Weekly Compilation of Presidential Documents, Dec 11, 2000

Mr. Wenner. What's your bottom line on Newt, historically? I mean, what's your--if you were an historian, what would you say about Gingrich?

The President. That he was immensely successful in, first of all, consolidating the power of the Republican Party and its right wing and then in winning the Congress, winning the historic struggle for Congress in '94 by opposing me right down the line. And in '94, the people--the economy was getting better, but people didn't feel it yet. The budget we passed did not impose great tax burdens on ordinary Americans, but they didn't know it yet. And the crime bill we passed was going to help bring the crime rate down without interfering with people's gun rights, but they didn't know it yet.

So you had the best of all times to run through a gaping hole. And then I had made the mistake of trying to do both, trying to do the economic plan and NAFTA, which dispirited some of our base supporters. And then I tried to do health care under circumstances that were literally impossible. You could not get a universal coverage plan passed through Congress.

So I made a lot of errors, and he ran through them, and he therefore changed the Congress. Then I think people will say that we had one of these historic battles that periodically happens in America about the role of the National Government and, indeed, what the meaning of the Nation is.

And I think he thought he could actually carry out the revolution that President Reagan talked about, you know, drastically shrinking the Federal Government, drastically limiting its ability to act in the social sphere and moving it to the right.

And to me, we had a series of baffles that were really the latest incarnation of this ageold battle of what does it mean to be an American, what is the idea of America, what is the purpose of a nation? And there was a Government shutdown. There was an impeachment. There was my veto of the Newt tax bill after Newt was gone. All these were ongoing battles.

The battle over--the same thing is now happening, shaping up over the courts. The most important issue in this election may well be what happens to the courts. Because there is now already--we are one vote away from having enough votes that would repeal Roe v. Wade.

But there is this other issue in the courts which I think is quite profound, which is, there are five votes right now to restrict the ability of Congress to require the States to participate in protecting the American people in a lot of fundamental ways. So I think this is an ongoing battle.

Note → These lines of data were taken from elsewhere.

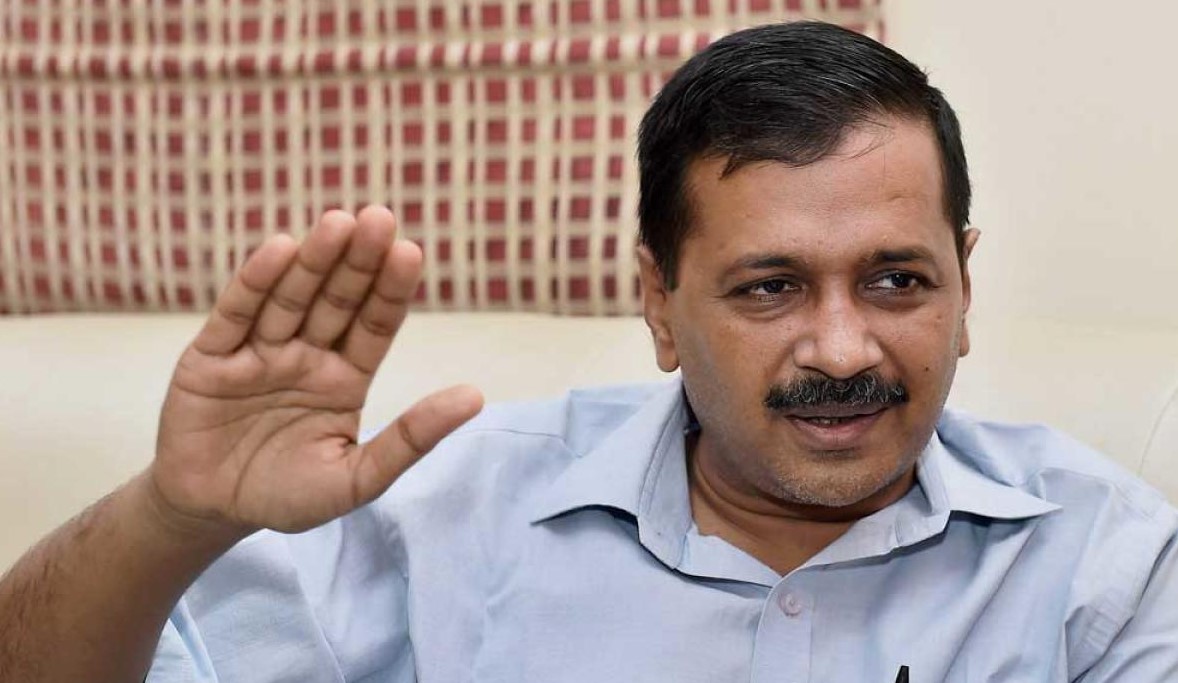 Kejriwal to attend farmers' meet in Bengaluru this week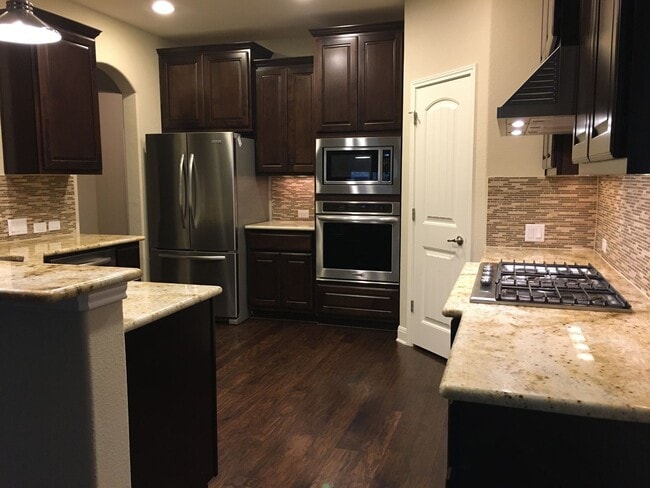 Photo - GORGEOUS LARGE 1 STORY IN WHITESTONE OAKS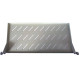 Полка 19" Hypernet 1U глуб. 250мм, цвет серый (CS-250-1U)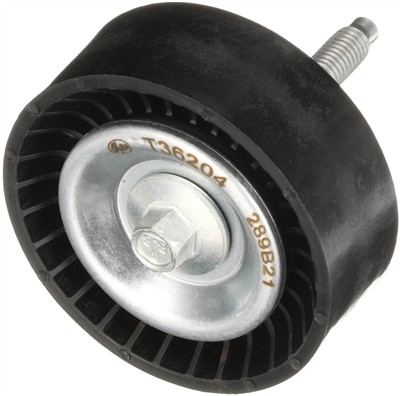 GATES T36204 Číslo výrobce: 7803-21304. EAN: 5414465713385.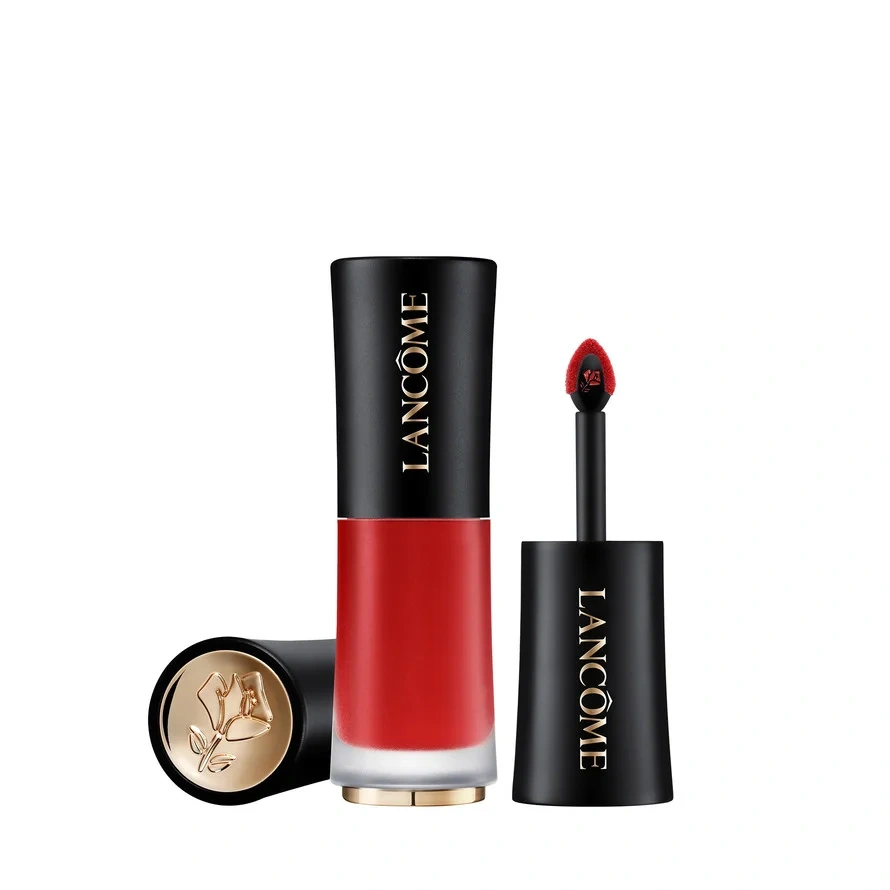 Lancôme L'Absolue Rouge Drama Ink Lipstick 154 Dis Oui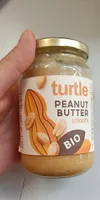 Peanut butter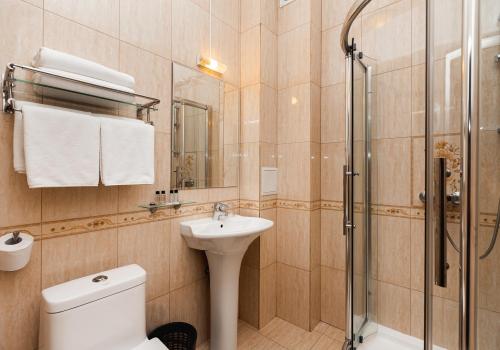 Номер полулюкс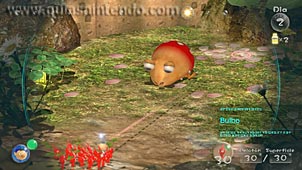 Pikmin 3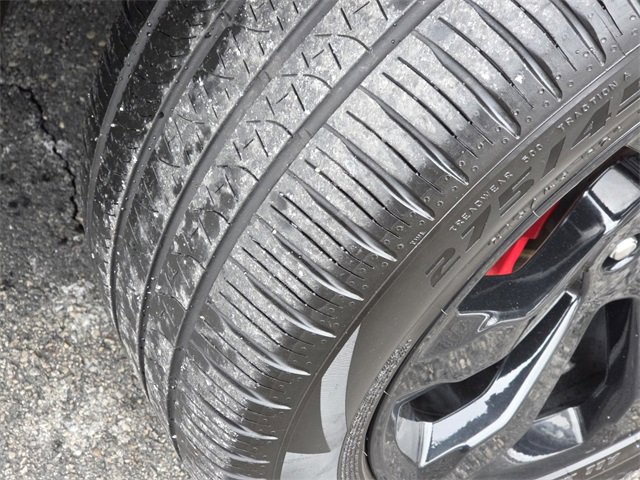 Certified 2022 Ford Explorer ST w/ Equipment Group 401A image 24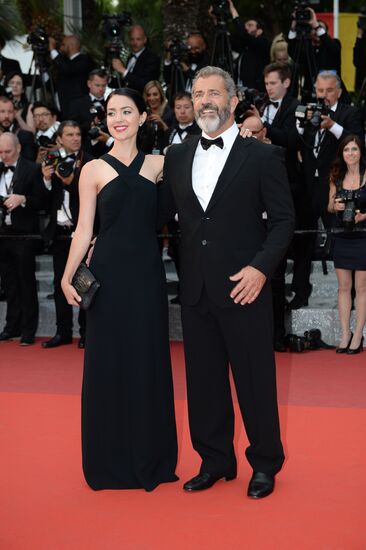 69th Cannes Film Festival closing ceremony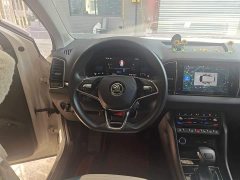 Skoda Corolloc TSI280 Smart Shine Edition - фото 6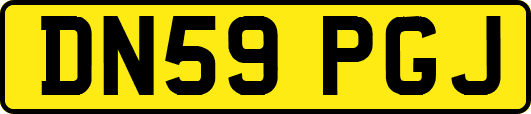 DN59PGJ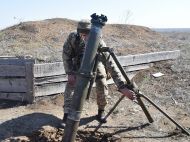 Ситуація залишається дуже тривожною: окупанти протягом доби 15 раз порушили режим тиші на&nbsp;Донбасі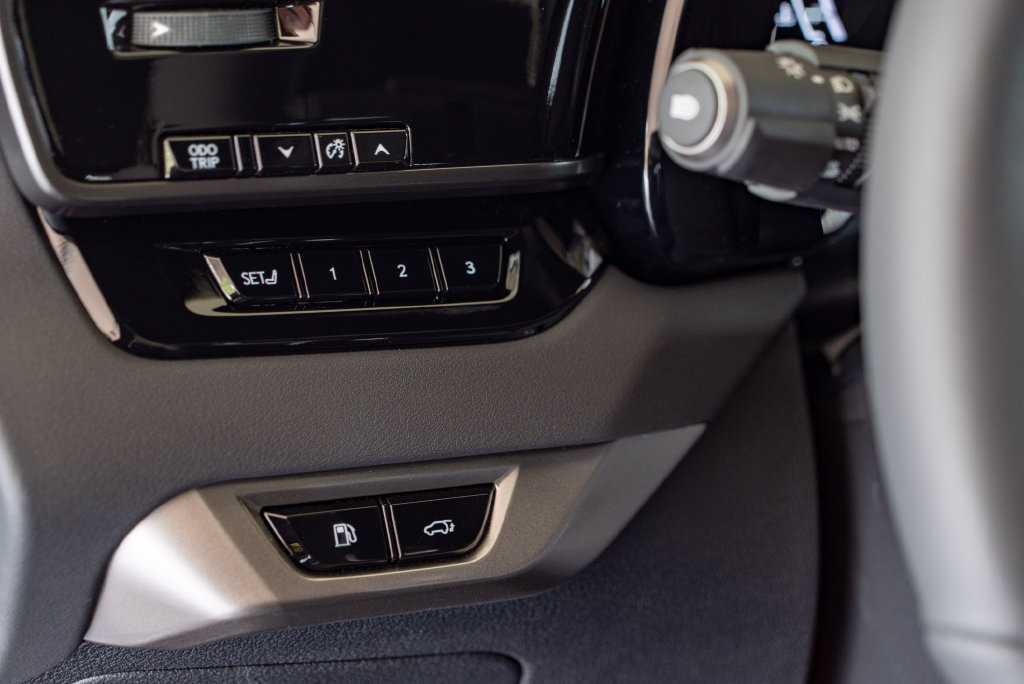 New 2026 Lexus RX 350 Premium w/ Convenience Package FWD image 30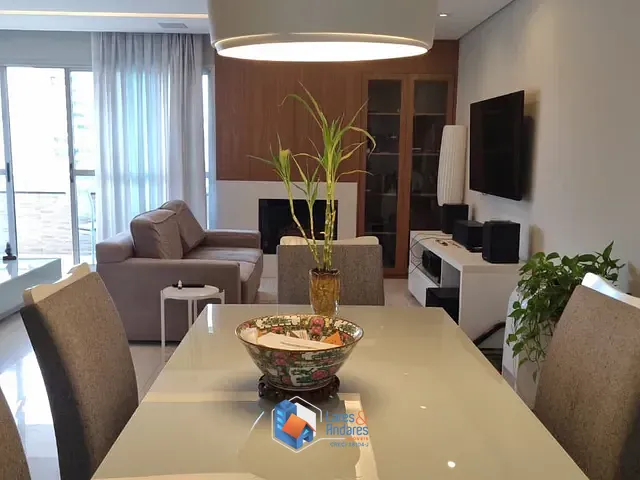 Apartamento com 2000m² 4 quartos e 6 banheiros, à venda, no bairro Moema em São Paulo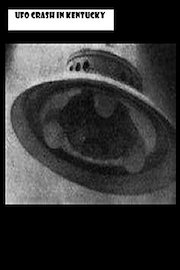 UFO crash in Kentucky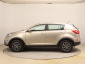 Kia Sportage, 2012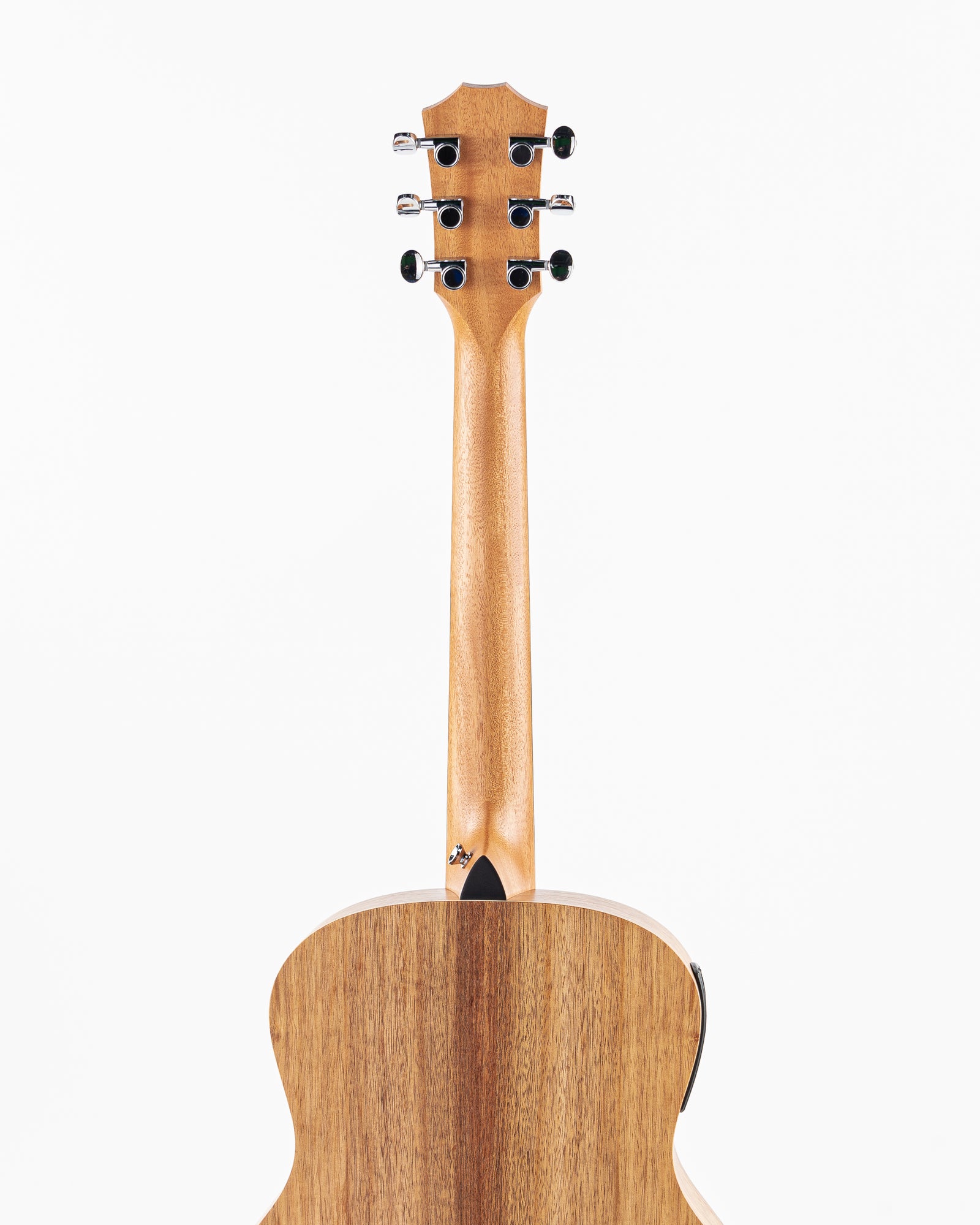 Taylor GS Mini-E Koa Acoustic Electric Guitar - Natural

But it's the same battle that we had between George Washington and John Adams and Alexander Hamilton and John Marshall on the one side and Thomas Jefferson, Thomas Payne, and a lot of other people on the other in the beginning; the same battle Abraham Lincoln had around the time of the Civil War. Could the States secede? Did the Federal Government have the power to enslave them? The same battle we had at the dawn of the industrial revolution when Theodore Roosevelt and Woodrow Wilson asserted the authority of the Nation to proscribe basic conditions in the workplace and protection. And it was the same battle that Franklin Roosevelt fought. That was the fourth time it was fought. Now we're in the fifth battle over how to define America. And in the first three skirmishes, we won. But I see that as a big issue in this election, a huge issue.